The fact that objective improvements (e.g., AHI reduction) are also reflected in patients’ positive subjective assessment of treatment effectiveness is highly beneficial for compliance and therapy adherence. Daytime sleepiness and sleep quality were significantly improved compared to patients without treatment. Considering that daytime sleepiness is one of the main symptoms of OSAS and that patients frequently suffer from poor sleep quality due to frequent awakenings and arousals, these results are encouraging. Different studies on Velumount® therapy support the evidence given in the presented study that palatal oral appliances reduce ESS. This is seen in patients’ positive evaluation of palatal appliances in OSAS therapy [22, 23, 25, 26]. In a questionnaire-based study investigating long-term compliance of Velumount® therapy sleep quality was assessed. Its impact on sleep quality was scaled as ‘clearly better’, ‘better’, ‘equal’, ‘worse’ or ‘clearly worse’. The results showed an improvement in sleep quality by 67%. However, in 6% of cases sleep quality actually deteriorated while using Velumount® due to side effects, such as foreign body sensation and gag reflex [21]. Under Ronch®AP side effects such as gag reflex, throat irritation and difficulties in swallowing were most prevalant. Due to habituation, patients coped rather well with side effects and tolerated them when the patients showed high levels of therapy adherence for the duration of the study. On average, patients used Ronch®AP 6.00 ± 1.45 nights per week and 6.14 ± 1.25 h per night. With a mean time of usage of 6.4 ± 8.1 nights per week and 7.1 ± 0.8 h per night Velumount® therapy was applied slightly more often [22]. However, in regard to initial compliance Ronch®AP performed better. The drop-out rate was estimated at 26.7% (n = 8). Accordingly, the compliance after 1 month was 73.3%. Under Velumount® initial compliance was estimated at 56% [25]. While willingness for treatment continuation was promising, wearing comfort was mediocre. This emphasizes the importance of diligent adaptation respecting individual anatomy. Because high levels of wearing comfort significantly increased the willingness to continue treatment, side effects such as gag reflex that minimizes comfortability should be considered during patient selection for future research.

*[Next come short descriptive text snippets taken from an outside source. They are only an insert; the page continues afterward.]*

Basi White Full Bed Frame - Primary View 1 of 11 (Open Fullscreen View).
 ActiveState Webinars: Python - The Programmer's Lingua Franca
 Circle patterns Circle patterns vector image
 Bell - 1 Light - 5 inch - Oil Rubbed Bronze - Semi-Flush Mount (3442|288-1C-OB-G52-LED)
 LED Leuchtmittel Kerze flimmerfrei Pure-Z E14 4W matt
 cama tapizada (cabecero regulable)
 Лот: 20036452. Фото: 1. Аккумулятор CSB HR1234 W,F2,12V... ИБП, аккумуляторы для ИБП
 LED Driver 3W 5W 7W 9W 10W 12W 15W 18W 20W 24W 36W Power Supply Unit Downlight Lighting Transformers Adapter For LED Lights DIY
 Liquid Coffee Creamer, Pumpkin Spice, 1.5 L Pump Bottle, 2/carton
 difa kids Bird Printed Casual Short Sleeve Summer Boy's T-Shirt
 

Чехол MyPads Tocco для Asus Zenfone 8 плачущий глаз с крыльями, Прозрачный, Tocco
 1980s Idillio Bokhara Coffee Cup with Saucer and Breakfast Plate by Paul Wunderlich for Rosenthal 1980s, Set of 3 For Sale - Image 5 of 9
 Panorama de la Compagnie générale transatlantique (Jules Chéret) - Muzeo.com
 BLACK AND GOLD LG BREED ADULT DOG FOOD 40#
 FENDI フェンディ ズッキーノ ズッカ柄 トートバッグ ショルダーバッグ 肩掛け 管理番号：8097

In total, this study’s findings are promising. However, the results should be seen in the light of their limitations. The analysis performed only included patients with moderate and severe OSAS. Even though the results for the presented cohort are significant, the study is not able to give evidence for the effectiveness of Ronch®AP therapy for mild forms of OSAS. Furthermore, in future studies reliability and quality of results could be enhanced by choosing larger patient cohorts and assessing the influence of interesting variables, such as location of obstruction occurrence. Data were reduced by early drop-outs in the adjustment process and by incomplete records. It will be interesting to assess if potential predictors for treatment success are identified in future studies with larger sampling sizes. However, the acknowledgement of drop-outs provides intrinsic information on tolerance capacity of Ronch®AP. As the study presents a first-time scientific evaluation of Ronch®AP, the chosen observation period of 4 weeks surely allowed obtaining important information on principal treatment effectiveness. On the other hand the study was not designed to obtain information on long-term compliance and treatment success.

Conclusions

The Ronch®AP palatal device is effective in treating moderate and severe OSAS. It significantly reduces AHI as well as daytime sleepiness and significantly improves sleep quality. Patients with a BMI < 30 kg/m2 seem to benefit more in comparison with obese patients. As OSAS is a chronic disorder often requiring long-term treatment, a closer evaluation of long-term compliance and stability of treatment success is strongly advised for future studies.